══ Provided entries

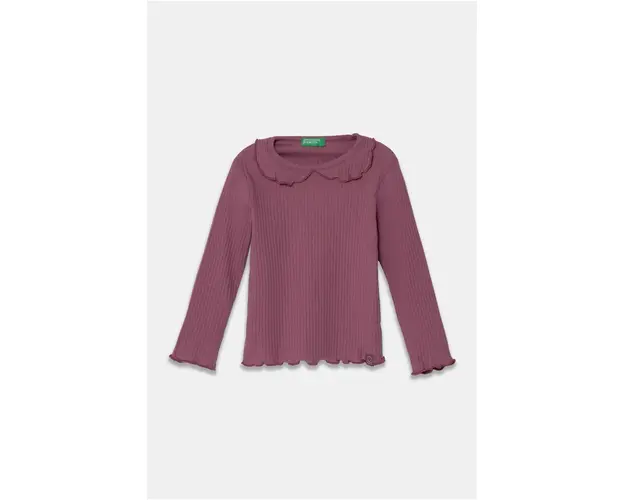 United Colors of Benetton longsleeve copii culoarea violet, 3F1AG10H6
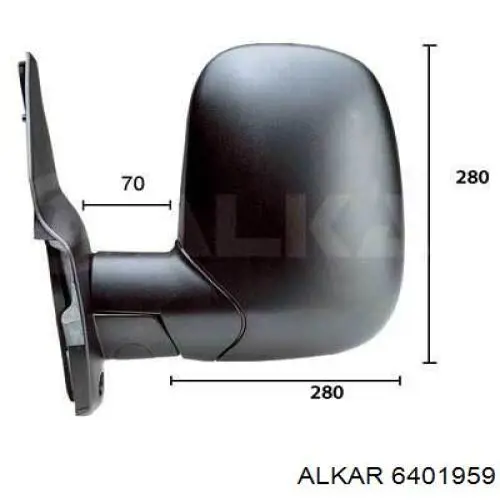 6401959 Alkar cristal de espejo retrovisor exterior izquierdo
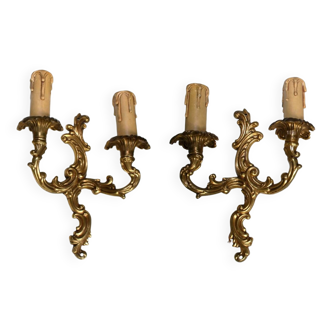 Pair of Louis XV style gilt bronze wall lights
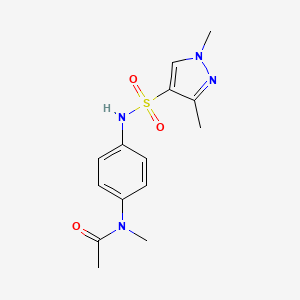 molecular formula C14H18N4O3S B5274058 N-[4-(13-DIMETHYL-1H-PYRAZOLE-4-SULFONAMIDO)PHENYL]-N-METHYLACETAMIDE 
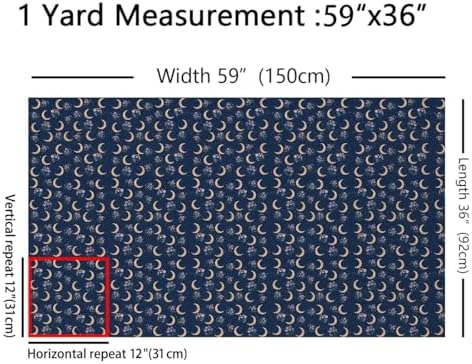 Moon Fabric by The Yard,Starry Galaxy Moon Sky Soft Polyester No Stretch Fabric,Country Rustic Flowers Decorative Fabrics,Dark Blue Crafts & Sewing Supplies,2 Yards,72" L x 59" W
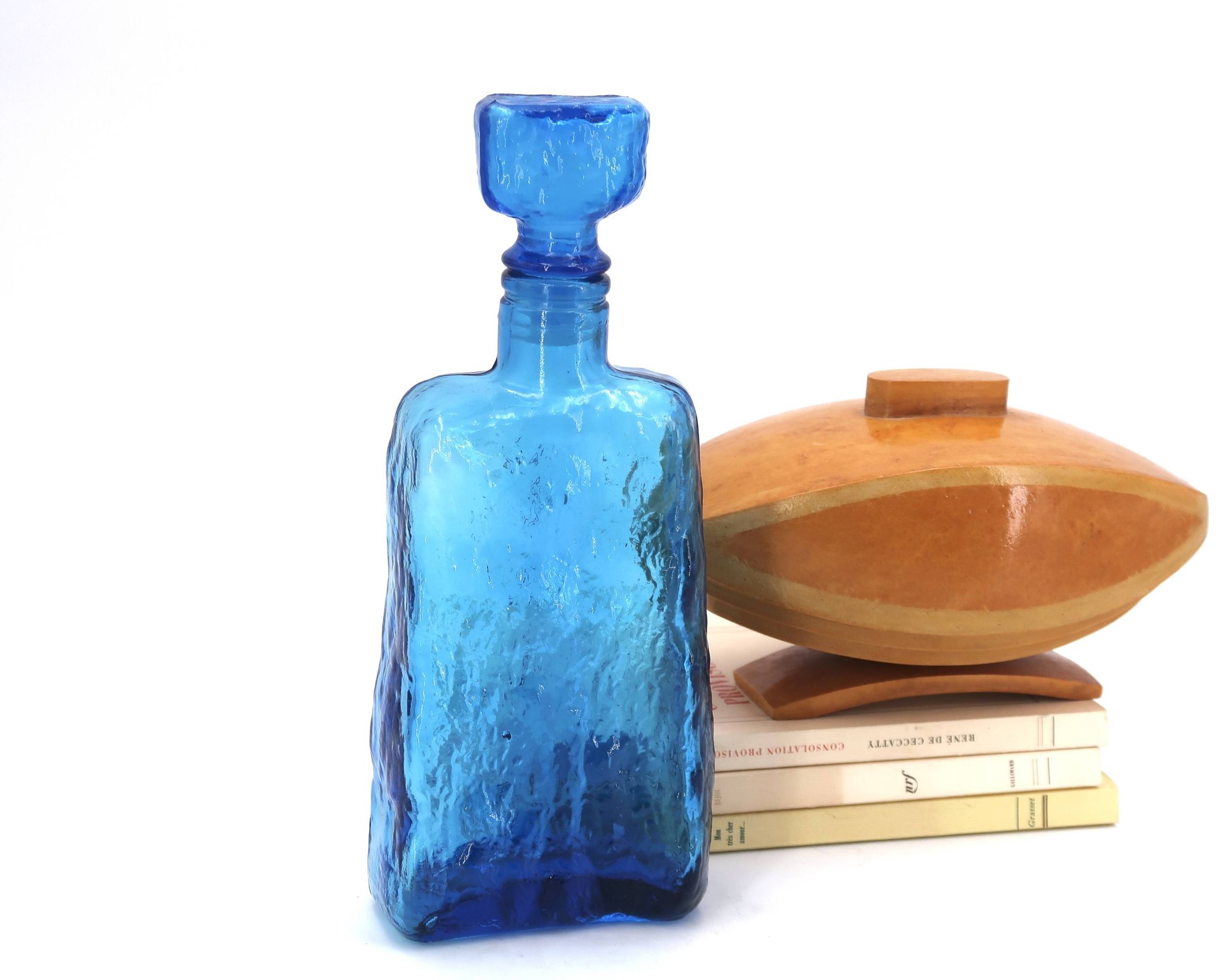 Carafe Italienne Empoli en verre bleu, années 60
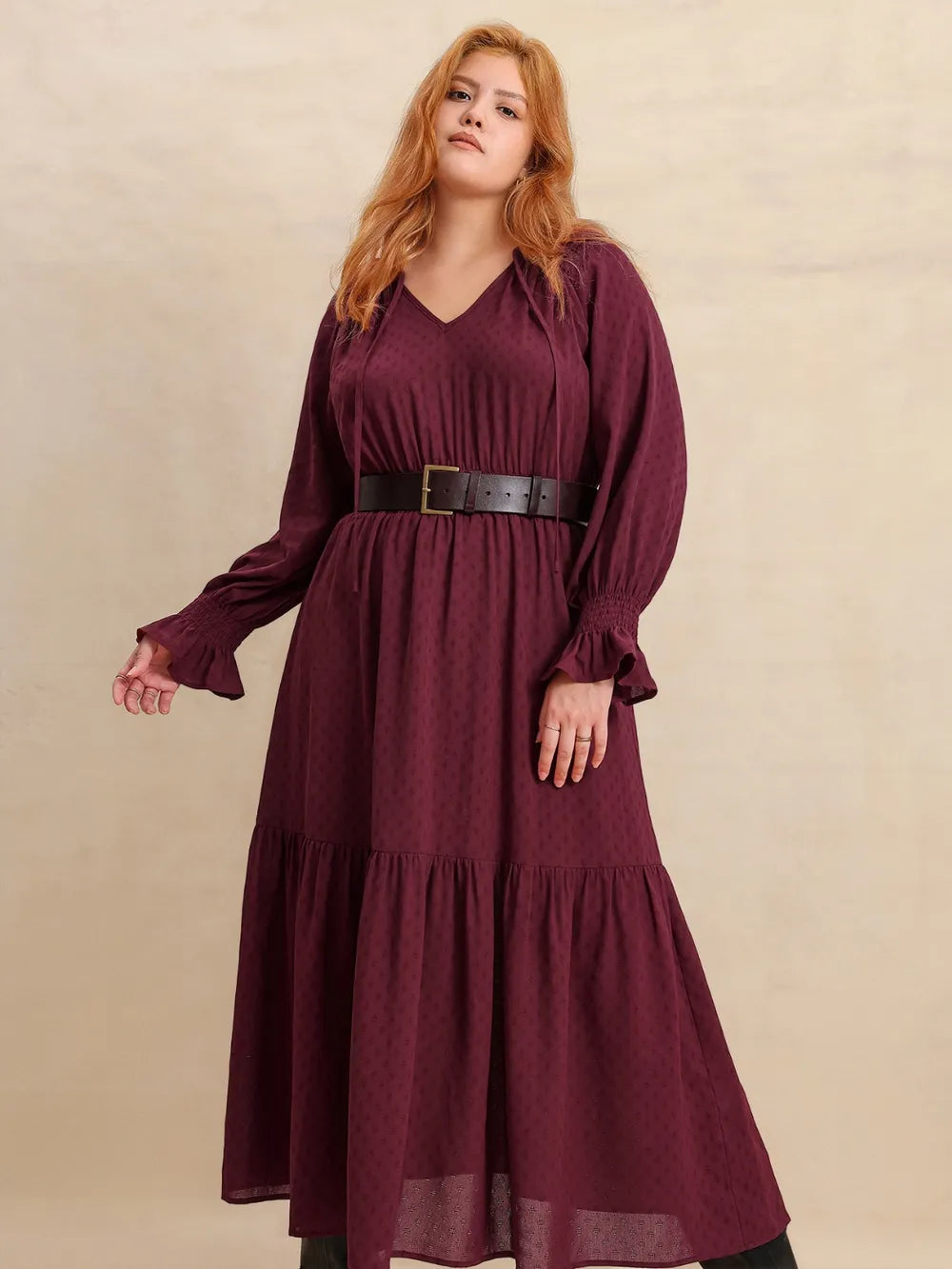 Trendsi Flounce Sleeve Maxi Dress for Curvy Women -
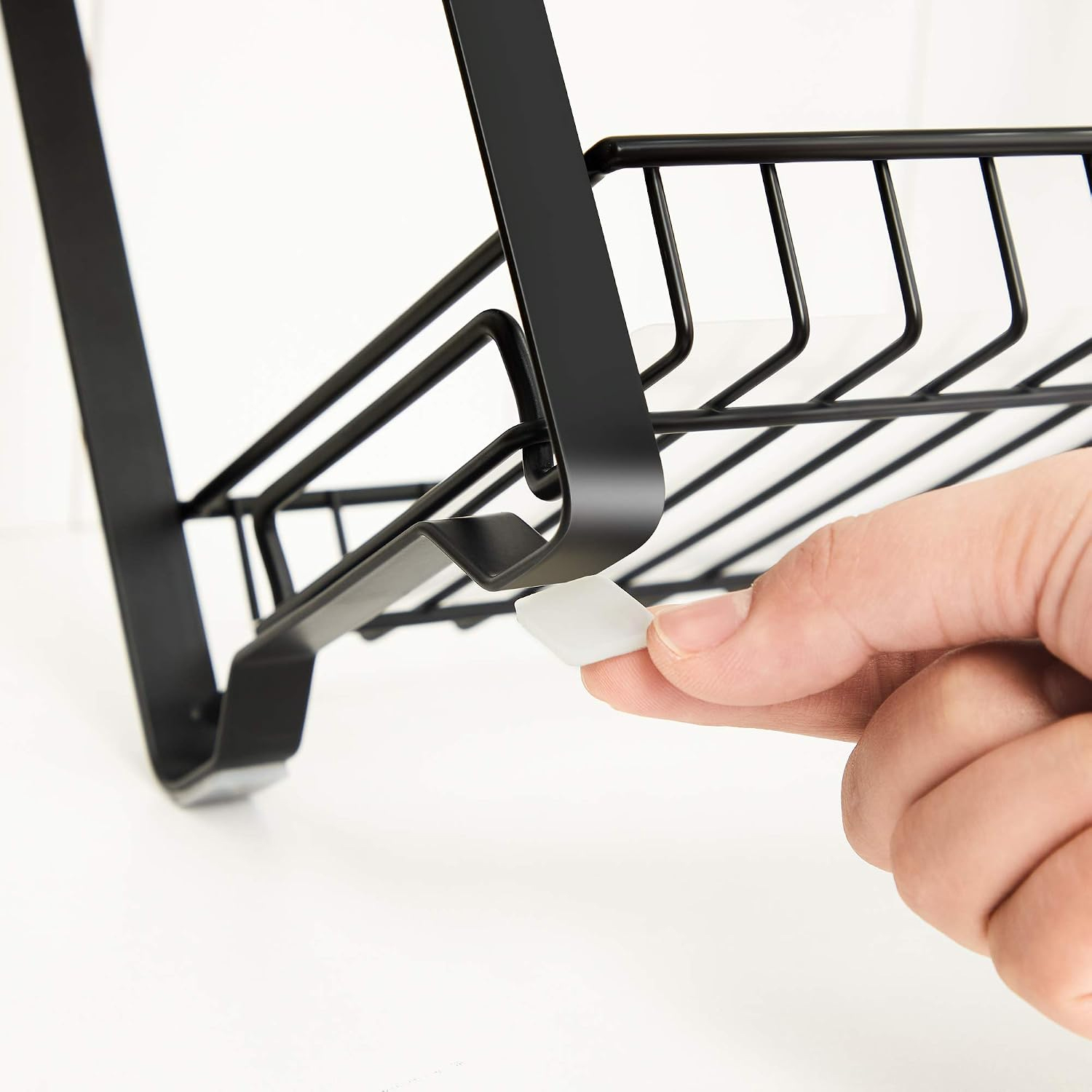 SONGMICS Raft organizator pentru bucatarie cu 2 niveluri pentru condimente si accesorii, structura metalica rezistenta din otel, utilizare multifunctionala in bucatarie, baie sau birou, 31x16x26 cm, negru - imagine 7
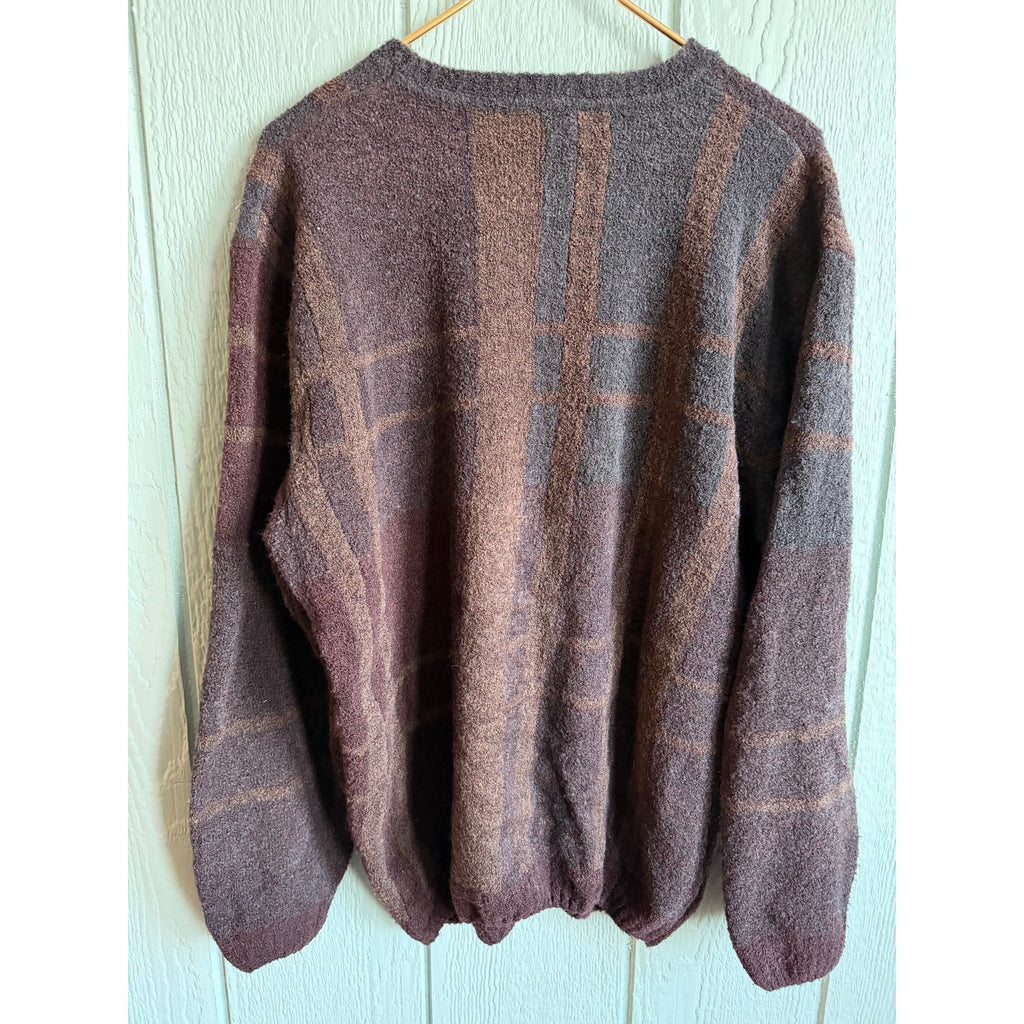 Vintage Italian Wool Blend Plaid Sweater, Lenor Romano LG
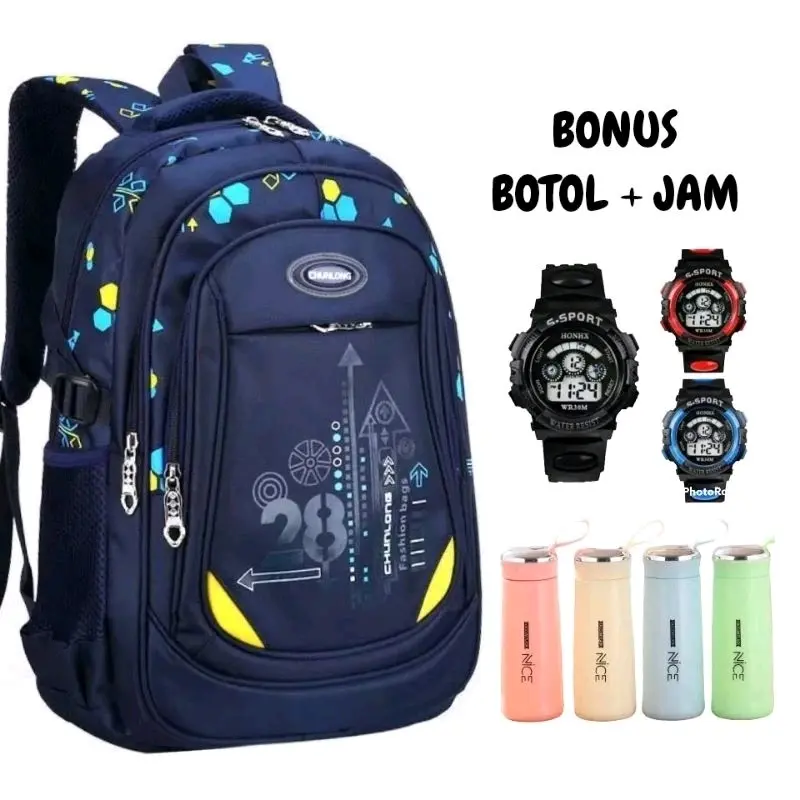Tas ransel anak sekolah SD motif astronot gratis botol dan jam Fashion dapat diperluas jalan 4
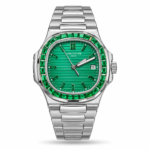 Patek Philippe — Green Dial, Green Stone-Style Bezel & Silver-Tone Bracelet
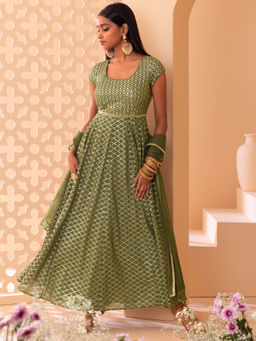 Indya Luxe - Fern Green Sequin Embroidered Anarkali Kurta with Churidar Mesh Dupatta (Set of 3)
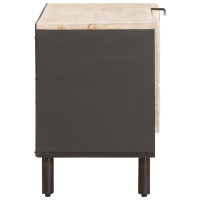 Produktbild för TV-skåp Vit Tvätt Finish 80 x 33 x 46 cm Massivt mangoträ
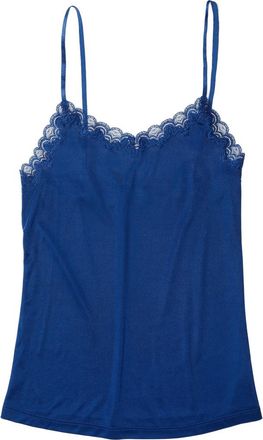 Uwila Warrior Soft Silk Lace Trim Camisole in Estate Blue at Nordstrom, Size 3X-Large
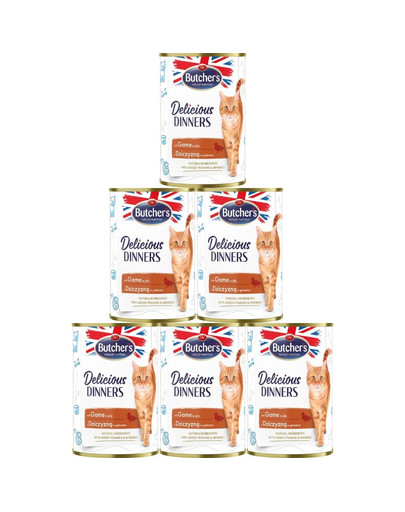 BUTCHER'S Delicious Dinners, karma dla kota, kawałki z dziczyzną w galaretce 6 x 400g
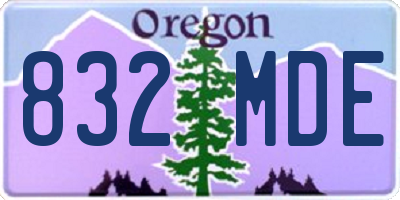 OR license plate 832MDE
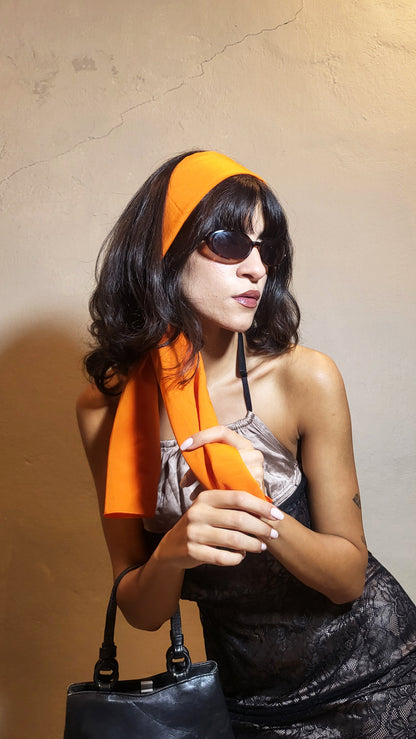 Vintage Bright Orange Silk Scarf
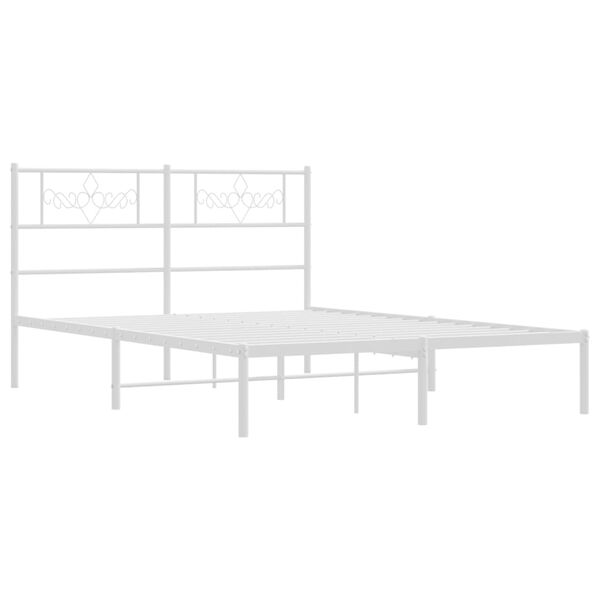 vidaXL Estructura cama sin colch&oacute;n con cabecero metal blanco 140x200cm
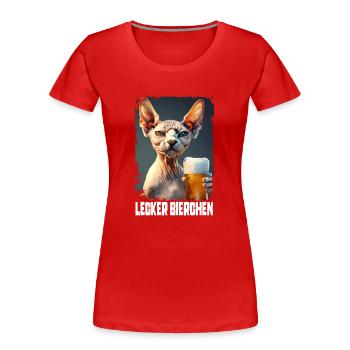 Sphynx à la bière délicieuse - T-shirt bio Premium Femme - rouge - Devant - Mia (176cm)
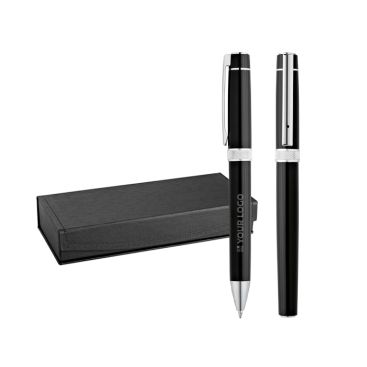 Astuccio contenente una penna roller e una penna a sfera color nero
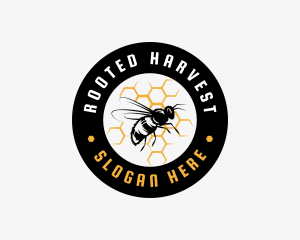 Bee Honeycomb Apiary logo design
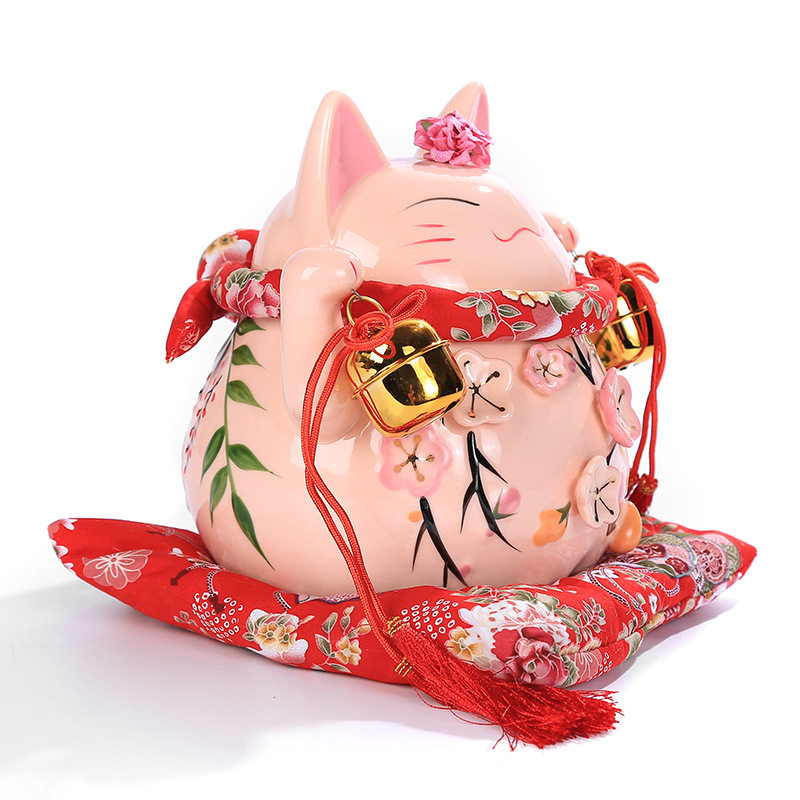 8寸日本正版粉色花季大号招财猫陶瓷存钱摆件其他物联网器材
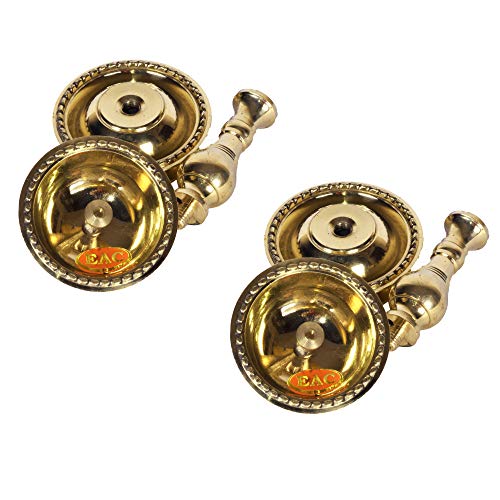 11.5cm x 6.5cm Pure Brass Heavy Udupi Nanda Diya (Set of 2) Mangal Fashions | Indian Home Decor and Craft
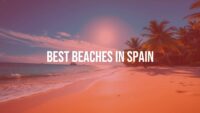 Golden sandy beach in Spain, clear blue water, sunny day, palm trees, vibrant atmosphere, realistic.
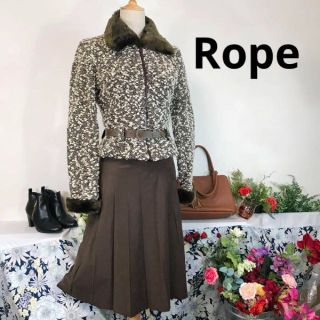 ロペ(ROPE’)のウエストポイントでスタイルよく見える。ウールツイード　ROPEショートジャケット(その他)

════

» **What you should do**
Write out word for word the lines above that run from the one with "Vintage Italian Wool" to the one with "Uwila Warrior Soft". Include both end lines; exclude the images.

» **Answer to the problem**
 Vintage Italian Wool Blend Plaid Sweater, Lenor Romano LG
Tas ransel anak sekolah SD motif astronot gratis botol dan jam Fashion dapat diperluas jalan 4
 Patek Philippe — Green Dial, Green Stone-Style Bezel & Silver-Tone Bracelet
 Indya Luxe - Fern Green Sequin Embroidered Anarkali Kurta with Churidar Mesh Dupatta (Set of 3)
 Produktbild för TV-skåp Vit Tvätt Finish 80 x 33 x 46 cm Massivt mangoträ
 Uwila Warrior Soft Silk Lace Trim Camisole in Estate Blue at Nordstrom, Size 3X-Large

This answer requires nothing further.